President Muhammadu Buhari Tuesday in Riyadh, Saudi Arabia, attributed growing social unrest to inequalities and unfair policies that exclude the majority from opportunities for participation, calling on world leaders and global investors to prioritise inclusive and humane policies.

The Socio-Economic Rights and Accountability Project (SERAP) has filed a lawsuit against President Muhammadu Buhari “over his failure to probe allegations that over ₦880bn of public funds are missing from 367 ministries, departments and agencies (MDAs), to ensure the prosecution of those suspected to be responsible, and the recovery of any missing or diverted public funds.”

The suit followed the grim allegations contained in part 2 of the 2018 annual audited report by the Office of the Auditor-General of the Federation that ₦880,894,733,084.811 was spent by 367 MDAs without any appropriation.

In the suit number FHC/ABJ/CS/1281/2021 filed last week at the Federal High Court in Abuja, SERAP is seeking: “an order of mandamus to direct and compel President Buhari to promptly investigate the alleged missing N881bn of public funds, and to ensure the prosecution of those suspected to be responsible, and the full recovery of any missing, mismanaged or diverted public funds.”

In the suit, SERAP is arguing that: “Complying with constitutional requirements and international standards on spending of public funds would ensure effective and efficient management of public resources, and put the country’s wealth and resources to work for the common good of all Nigerians.”

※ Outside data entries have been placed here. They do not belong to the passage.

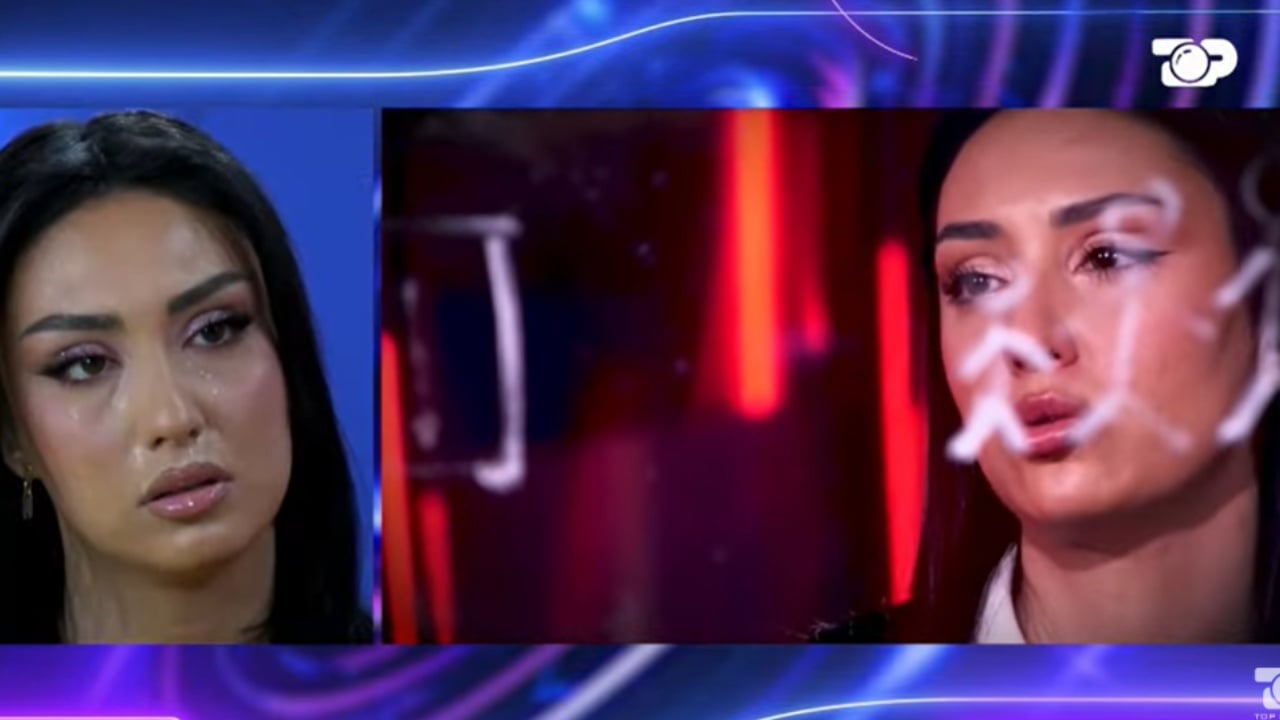  Babi u bë përbindëshi i jetës sonë   Stelina rrëfen historinë prekesë të jetës së saj  Lamë me durat tona gjakun e mamit dhe motrës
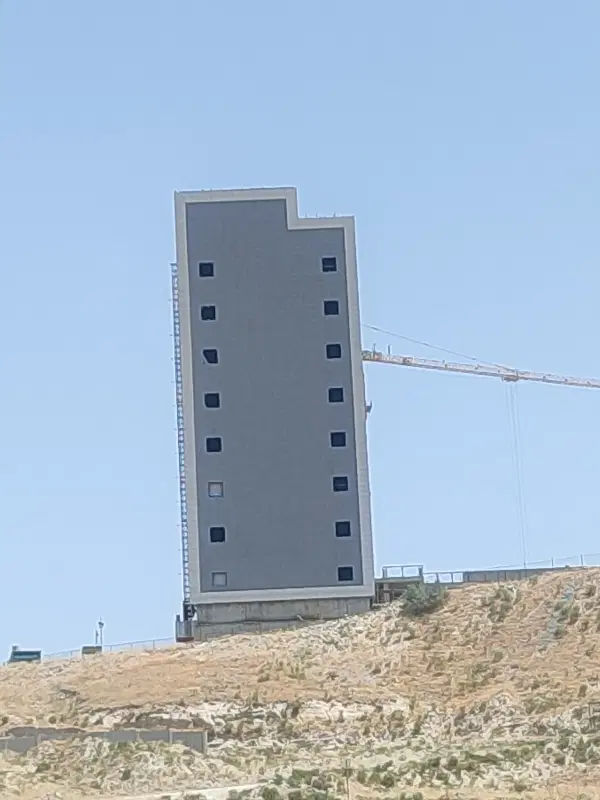 هم خونه سن بالا فقط اقا نیازمندم خودم پسرم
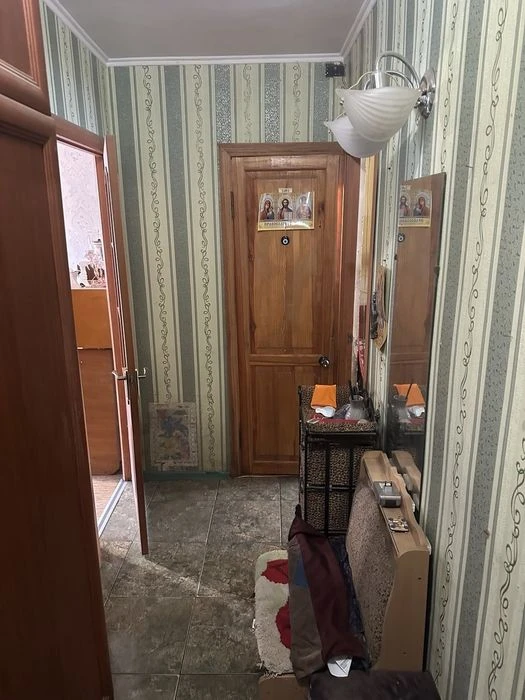 I'm selling a 2-room apartment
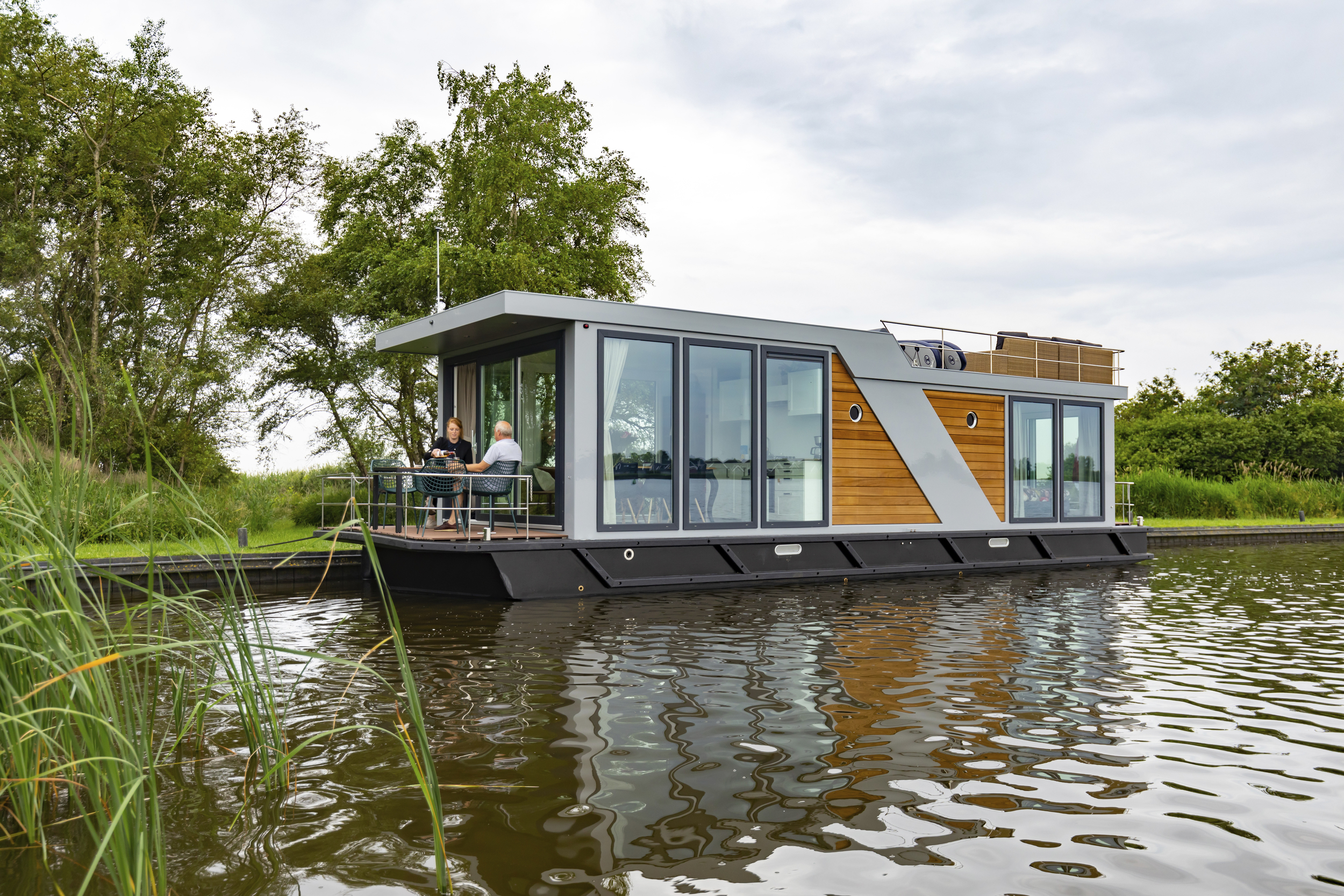 Campi 400 Per Direct Maasbommel Ligplaats Houseboat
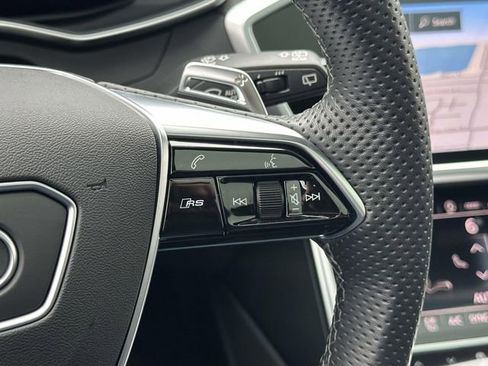 Used 2022 Audi RS 6 image 29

According to SERAP: “It is in the interest of justice to grant this application, as it would improve respect for the rights of Nigerians, and improve their access to essential public goods and services, which ought to be provided by the indicted MDAs.”

SERAP is also arguing that “President Buhari has a constitutional duty to ensure the investigation and prosecution of allegations of corruption, as well as recovery of any missing public funds. Section 15[5] of the 1999 Nigerian Constitution [as amended], requires the Buhari administration to abolish all corrupt practices and abuse of power.”

SERAP is arguing that “Granting the reliefs sought would help to address the adverse consequences of unconstitutional and poor management of public resources on the human rights of poor Nigerians.”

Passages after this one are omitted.